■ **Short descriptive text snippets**
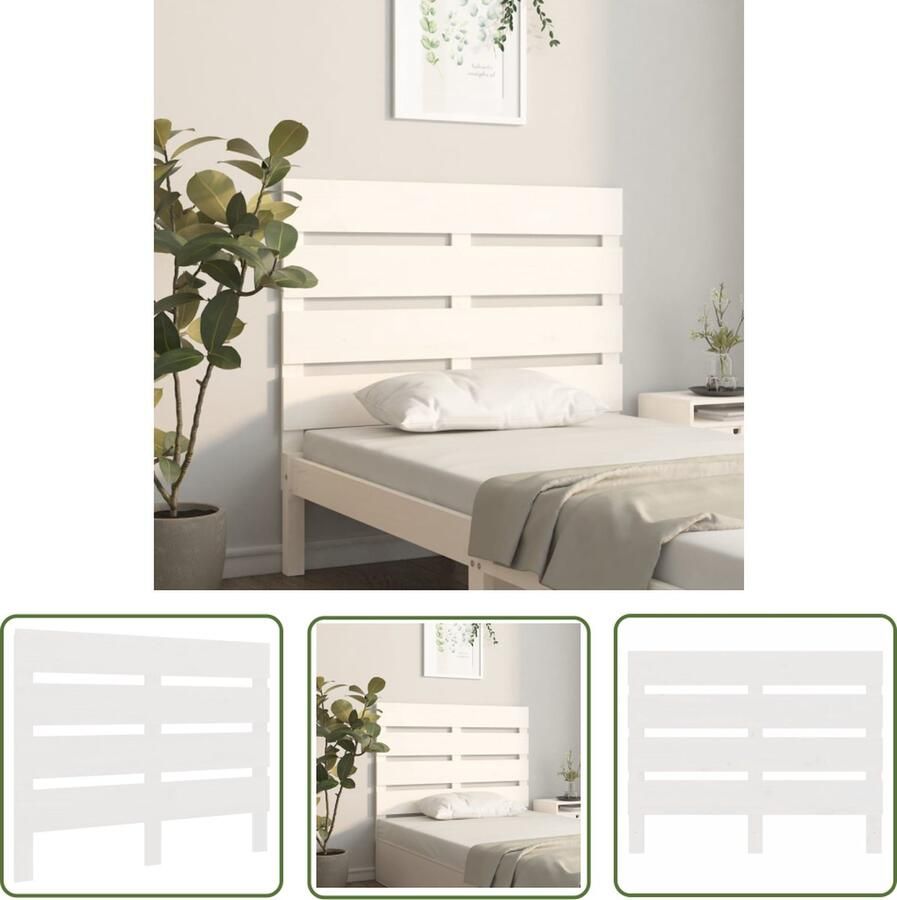 The Living Store Houten Hoofdeinde Massief Grenenhout 90 x 3 x 80 cm Wit Hoofdbord Houten Hoofdbord Grenenhout Hoofdbord Wit Hoofdbord Slaapkamersdecoratie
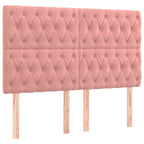 Boxspringbett mit Matratze & LED Rosa 140x190 cm Samt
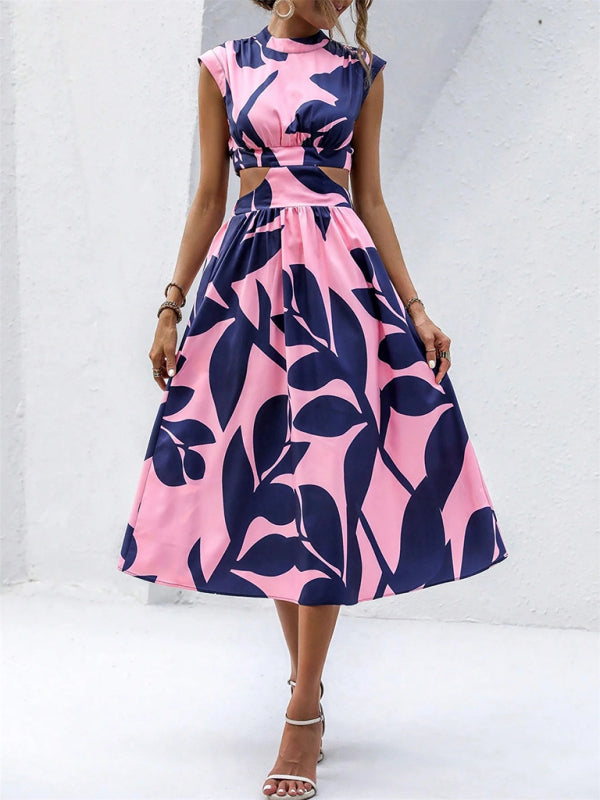 Round Neck Short Sleeve High Waist Plant Flower Print Long Party Dress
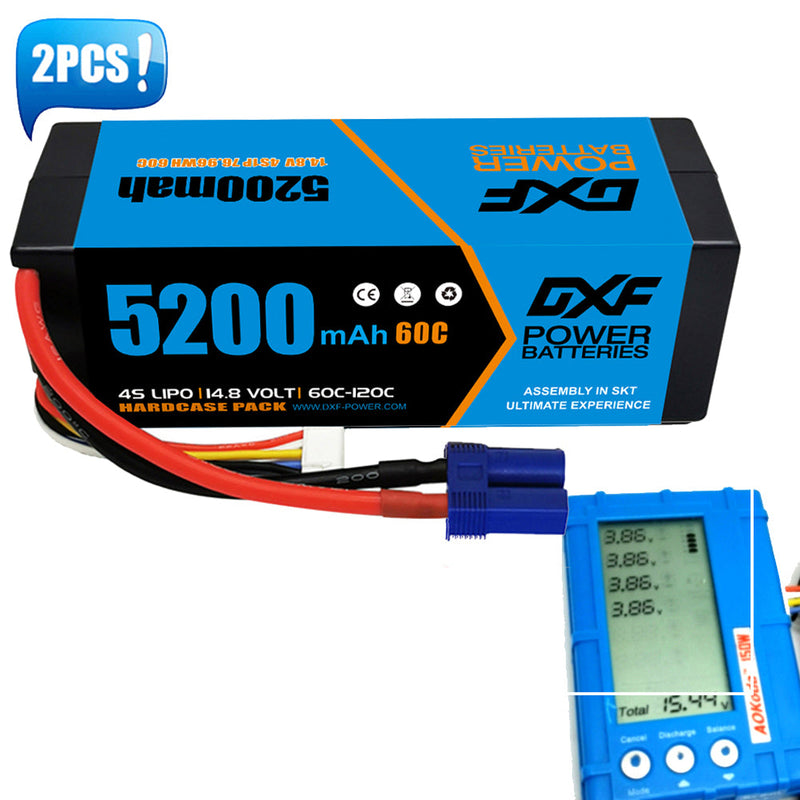 (USA)DXF Lipo Battery 4S 14.8V 5200mAh 60C/120C HardCase Lipo Battery for RC HPI HSP 1/8 1/10 Buggy RC Car Truck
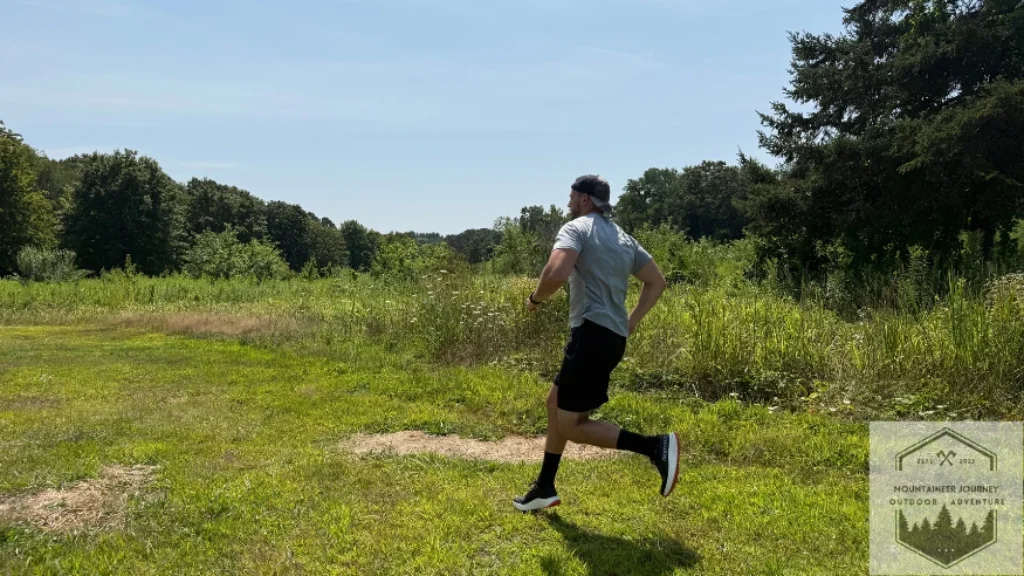 Testing out the shoes on the trail during our objective testing standards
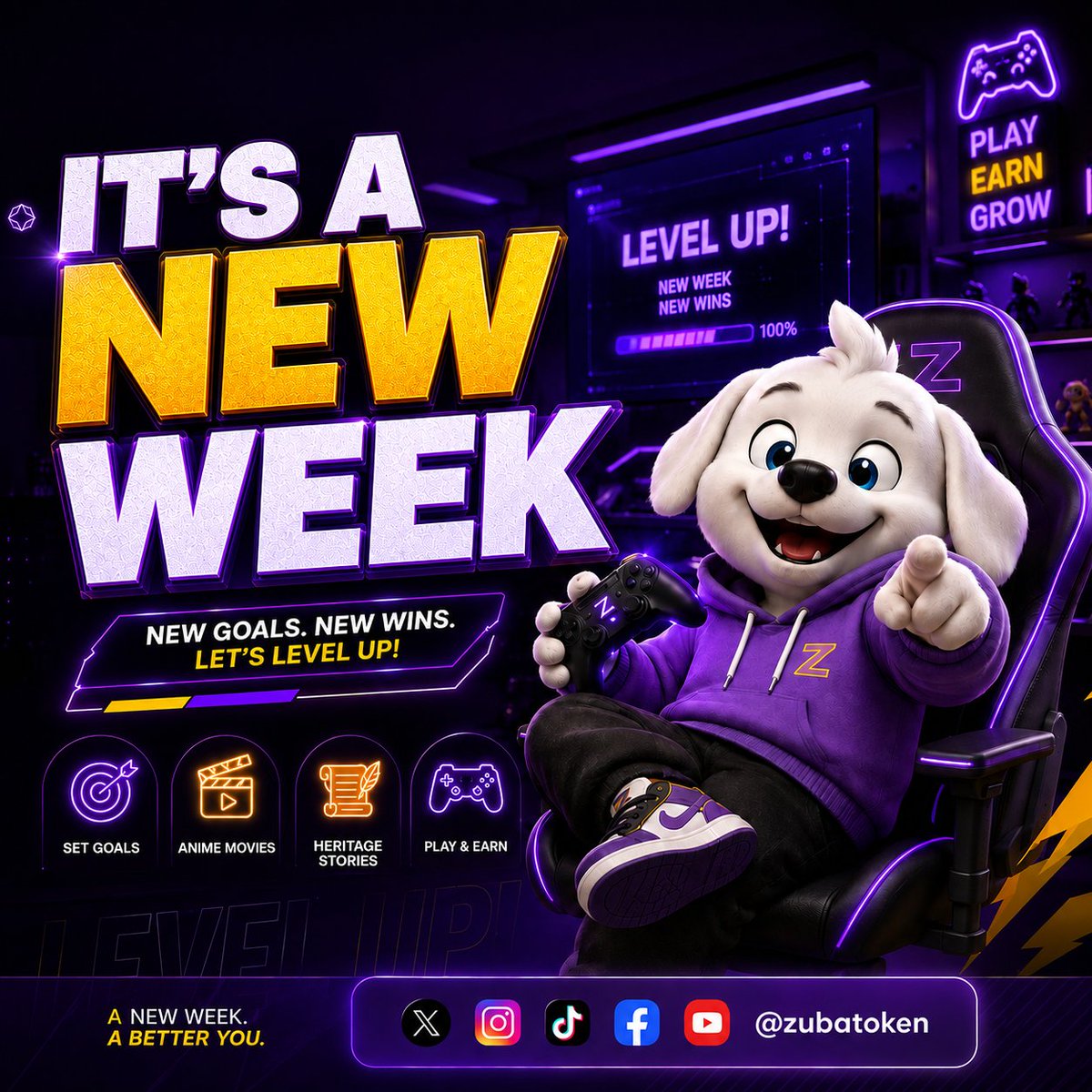 zubatoken's tweet photo. Happy New Week, ZUBA family! 💜

New week. New goals. New wins.
Let’s level up together. 🐶

$ZUBA is just getting started. https://t.co/MQxxhuFugj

■ **Required work**
All lines from the one containing "Round Neck Short" to the last line of the records above, both included, need to be repeated word for word; omit the pictures.

■ **Written answer**
 Round Neck Short Sleeve High Waist Plant Flower Print Long Party Dress
 (USA)DXF Lipo Battery 4S 14.8V 5200mAh 60C/120C HardCase Lipo Battery for RC HPI HSP 1/8 1/10 Buggy RC Car Truck
 Testing out the shoes on the trail during our objective testing standards
 zubatoken's tweet photo. Happy New Week, ZUBA family! 💜

New week. New goals. New wins.
Let’s level up together. 🐶

$ZUBA is just getting started. https://t.co/MQxxhuFugj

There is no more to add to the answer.